9 Hiergegen kann nicht mit Erfolg eingewandt werden, das Ermessen sei durch die dauerhafte Personalknappheit der Vollzugsanstalt bereits in einer Weise reduziert worden, die eine andere Entscheidung ausgeschlossen hätte. Dabei ist schon fraglich, ob die von dem Anstaltsleiter in seiner Verfügung vom 26. November 2003 angesprochene Personalsituation der JVA B. überhaupt geeignet wäre, dem Gefangenen die für einen Behandlungsvollzugs im Sinne des Vollzugsziels gebotenen Maßnahmen entgegen dem Wortlaut des § 7 StVollzG und der Intention des Strafvollzugsgesetzes (teilweise) zu versagen.

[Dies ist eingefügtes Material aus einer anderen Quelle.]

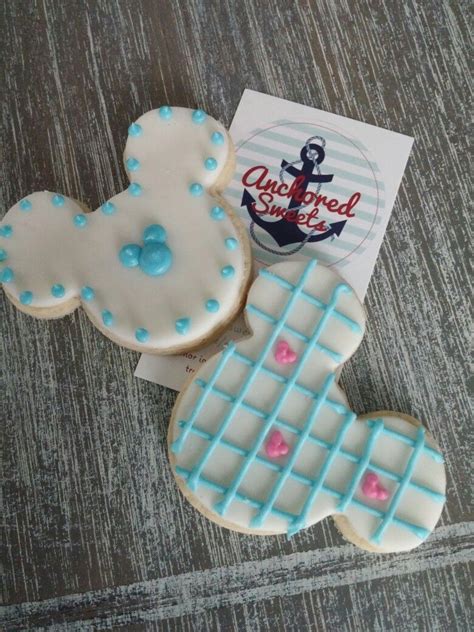 Anchored Sweets Cookie Favor Mickey Mouse Disney World Mickey Head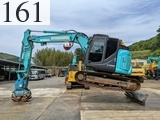 中古建設機械 中古 コベルコ建機 KOBELCO 林業機械 グラップル・ウインチ・排土板 SK135SR-7F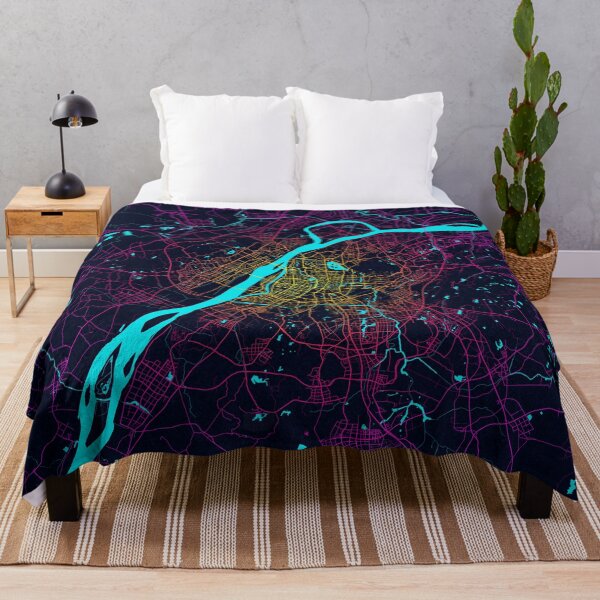 Item preview, Nanjing City Map of China - Neon designed and sold by deMAP.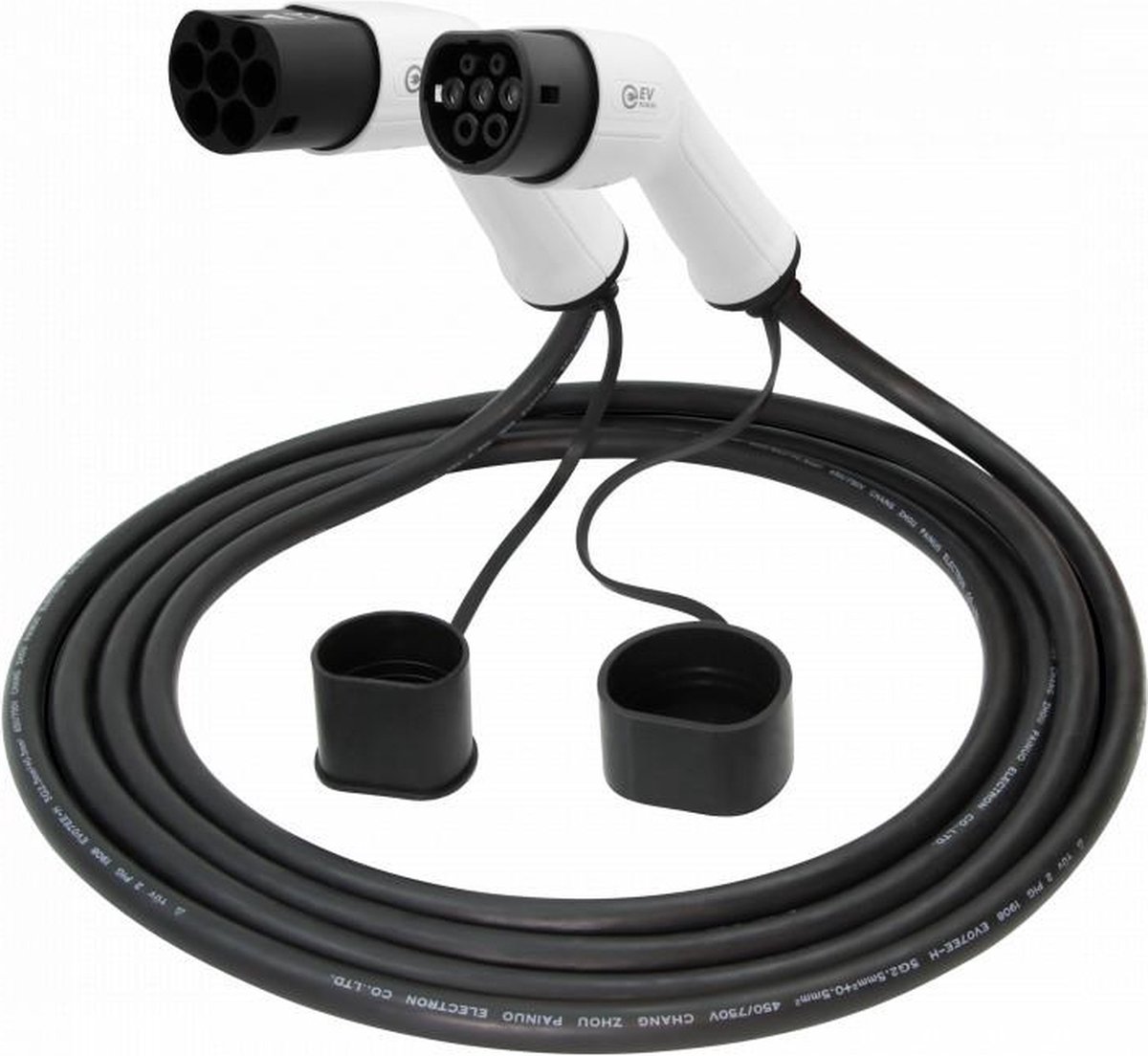 eRock Laadkabel Type 2 - 16A 3 fase (11 kW) - 5 meter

Dies kann hier allerdings offen bleiben, da eine solche Versagung ermessensfehlerfrei jedenfalls erst am Ende einer Abwägung aller beteiligten Belange stehen könnte. Der Anstaltsleiter selbst hat in seiner Verfügung vom 26. November 2003 die besondere Bedeutung von Ausführungen für die Behandlung und Wiedereingliederung der Gefangenen und zur Vermeidung schädlicher Folgen der Haft hervorgehoben. Es wäre deshalb für eine rechtsfehlerfreie Ermessensausübung erforderlich gewesen, die Aufgaben, durch deren Erfüllung das Anstaltspersonal an den gebotenen Behandlungsmaßnahmen gehindert wird, konkret zu benennen und in ihrer Bedeutung den Belangen des Behandlungsvollzugs im individuellen Einzelfall des Gefangenen gegenüberzustellen und zu gewichten. Allein der Hinweis auf die angespannte Personalsituation infolge fehlender Stellen und ständig steigender Anforderungen durch gesetzliche, aufsichtsbehördliche und gerichtliche Vorgaben reicht hingegen nicht aus, das berechtigte und gesetzlich geschützte Interesse des Gefangenen und der Allgemeinheit an Behandlung, Wiedereingliederung und Schutz vor nachteiligen Folgen der Haft im Sinne einer "Ermessensreduzierung auf Null" zurückzudrängen.

10 Die Kostenentscheidung folgt aus §§ 122 Abs. 4 StVollzG, 473 Abs. 1 StPO.